A elucidação desses mecanismos é fundamental para compreender os processos fisiológicos desordenados que conduzem a doenças metabólicas, como diabetes e obesidade. Assim, os resultados da pesquisa podem propiciar novas direções para investigações, especialmente em contextos de alterações no sistema nervoso simpático, como hipertensão e esteatose hepática, caracterizada pelo acúmulo de gordura.

“A originalidade do nosso estudo reside em demonstrar que o sistema nervoso central, por intermédio dos nervos simpáticos, é capaz de regular CREB e reativar a produção hepática de glicose em situações de demanda energética. Apresentamos a anatomia da inervação hepática empregando uma metodologia inédita no Brasil”, explica à Agência FAPESP o professor Luiz Carlos Navegantes, do Departamento de Fisiologia da Faculdade de Medicina de Ribeirão Preto da Universidade de São Paulo (FMRP-USP), autor correspondente do artigo.

Os pesquisadores empregaram uma técnica denominada 3DISCO (sigla em inglês para *three-dimensional imaging of solvent-cleared organs*), um método histológico que confere maior transparência às amostras biológicas por meio de uma série de solventes orgânicos, permitindo, assim, a obtenção de imagens tridimensionais com os nervos em evidência.

Este trabalho foi viabilizado com o apoio da FAPESP, por meio de um Projeto Temático, além de bolsas de mestrado e doutorado (19/05900-6, 19/26583-9 e 21/05848-4) concedidas ao biólogo Henrique Jorge Novaes Morgan, primeiro autor do artigo, o qual foi laureado com o Prêmio Álvaro Osório de Almeida, outorgado pela Sociedade Brasileira de Fisiologia em 2021.

O estudo contou ainda com a colaboração de pesquisadores da Universidade de Oxford (Reino Unido), do Instituto Francis Crick (Londres) e do professor Marc Montminy, do Salk Institute for Biological Studies (Estados Unidos), que “descobriu” a proteína CREB e elucidou seu papel como regulador do metabolismo energético, revelando potenciais alvos terapêuticos para o tratamento da resistência à insulina, diabetes e obesidade.

 

Metodologia do estudo sobre estresse e glicose hepática

Utilizando a técnica de imunomapeamento em três dimensões, os cientistas examinaram a distribuição dos nervos simpáticos no fígado de camundongos, revelando uma inervação densa composta por fibras nervosas primárias robustas que se ramificam, embora não alcancem diretamente os hepatócitos (células hepáticas).

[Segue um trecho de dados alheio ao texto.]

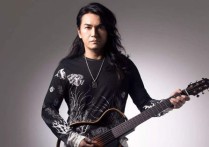 老爹吉他谱,原版迪克牛仔歌曲,简单C调弹唱教学,豆丁网版六线指弹简谱图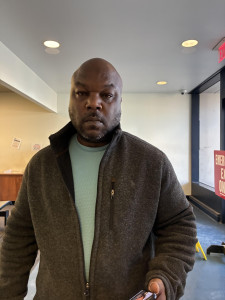 Don E Gaddis a registered Sex Offender of Ohio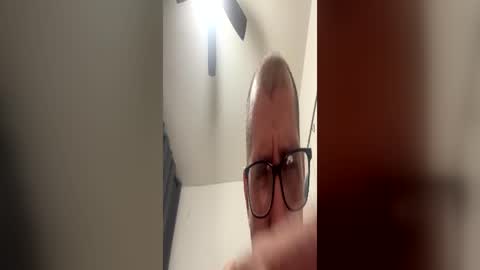 Snapshot of wiludoit chatting on 1, 7, 2026 wiludoit online show from 1, 7, 2026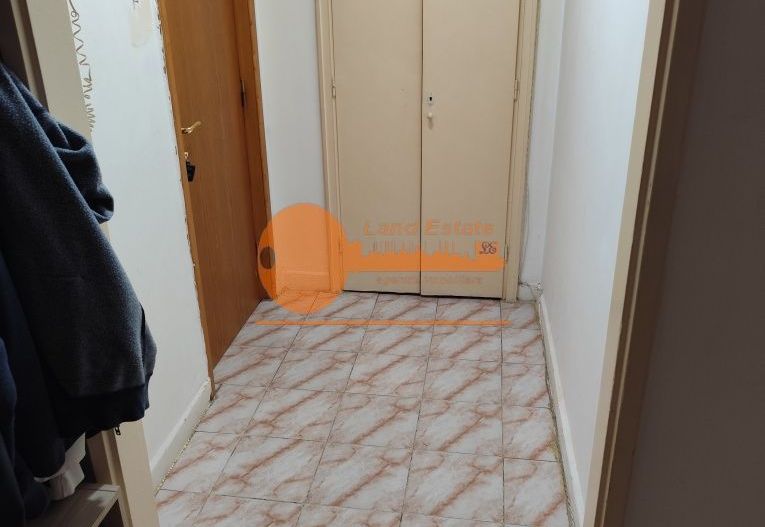 Vanzare 2 camere Iancului la 3 minute de metrou - Poză 15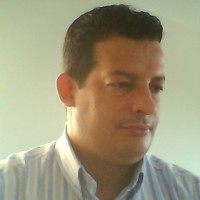 Cairo Cunha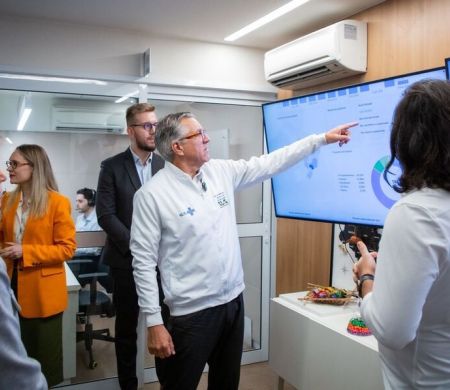 SUS faz teleatendimento para quem tem compulsão por bets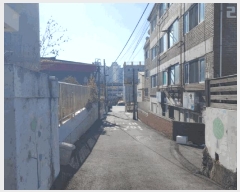  2026Ÿ��500545 ��õ ������ ������ 7-10 2��201ȣ      �ټ���,������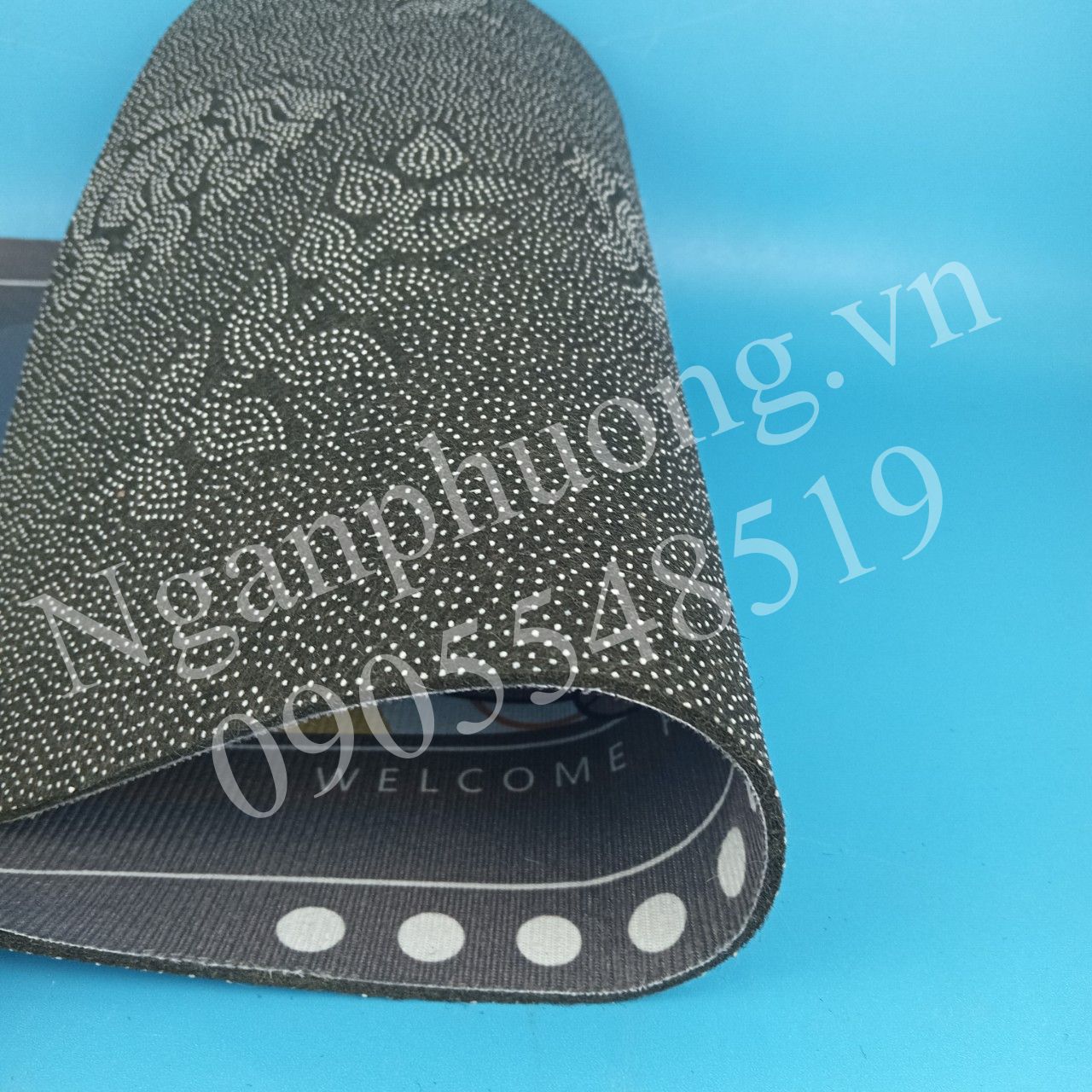 www.nganphuong.vn
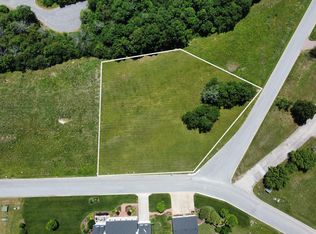 000 Emerald Pointe Drive Lot 243, Hollister, MO 65672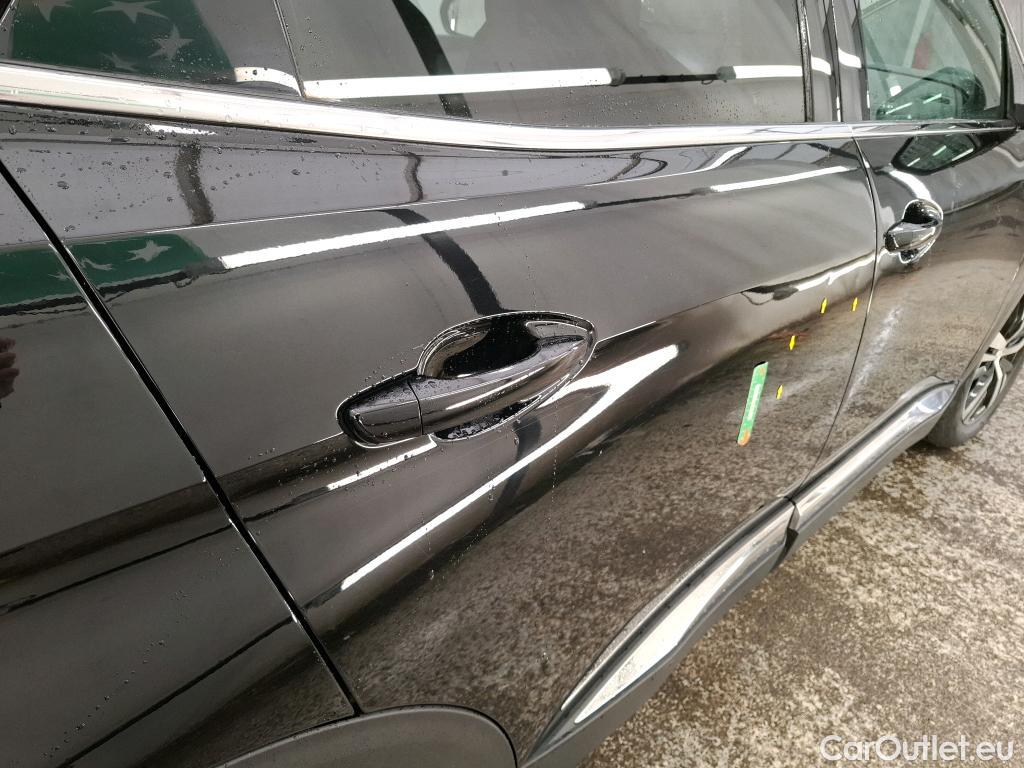  Peugeot  3008 PEUGEOT  / 2020 / 5P / SUV BlueHDi 130 S&S EAT8 GT #3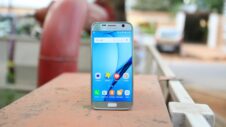 Galaxy S8 certified by China’s product quality testing agency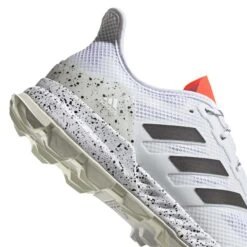 Adidas Adipower 2.1 GV9970 Hockeyschoenen White -Beste Hockey Winkel 130237 100 08 1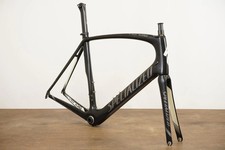 61cm Specialized Venge Expert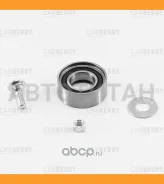 ����� ���������� ����� ��� Mitsubishi Outlander/Pajero Sport 06- 55CA145 ����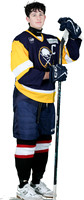 U18Sabres_CALEB_PAULS_8853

Para elucidar o papel fisiológico dessa inervação, os animais foram submetidos a temperaturas reduzidas (4°C) por um período de até seis horas. O estresse induzido pelo frio ativou CREB/CRTC2 mediante um sinal de cálcio (Ca²+), assegurando o fornecimento de glicose aos músculos e contribuindo para a manutenção da temperatura corporal dos roedores.

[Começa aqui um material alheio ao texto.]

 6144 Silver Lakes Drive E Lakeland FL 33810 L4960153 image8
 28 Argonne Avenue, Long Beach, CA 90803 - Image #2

“Em continuidade aos estudos pioneiros do professor Renato Hélios Migliorini, fundador de nosso laboratório, que na década de 1980 evidenciou a capacidade do sistema nervoso em ativar a gliconeogênese, buscávamos compreender os eventos a nível molecular. Assim, analisamos animais da qual foi removida a inervação hepática por meio de dois métodos distintos – um químico e outro cirúrgico – além de camundongos transgênicos desprovidos de CRTC2. Em tais situações, a gliconeogênese não ocorreu em resposta ao frio, ou seja, na ausência de nervos ou do coativador de CREB, o roedor não consegue sintetizar glicose em condições de estresse. Com esses achados, estamos introduzindo um novo elemento nas investigações”, complementa Navegantes.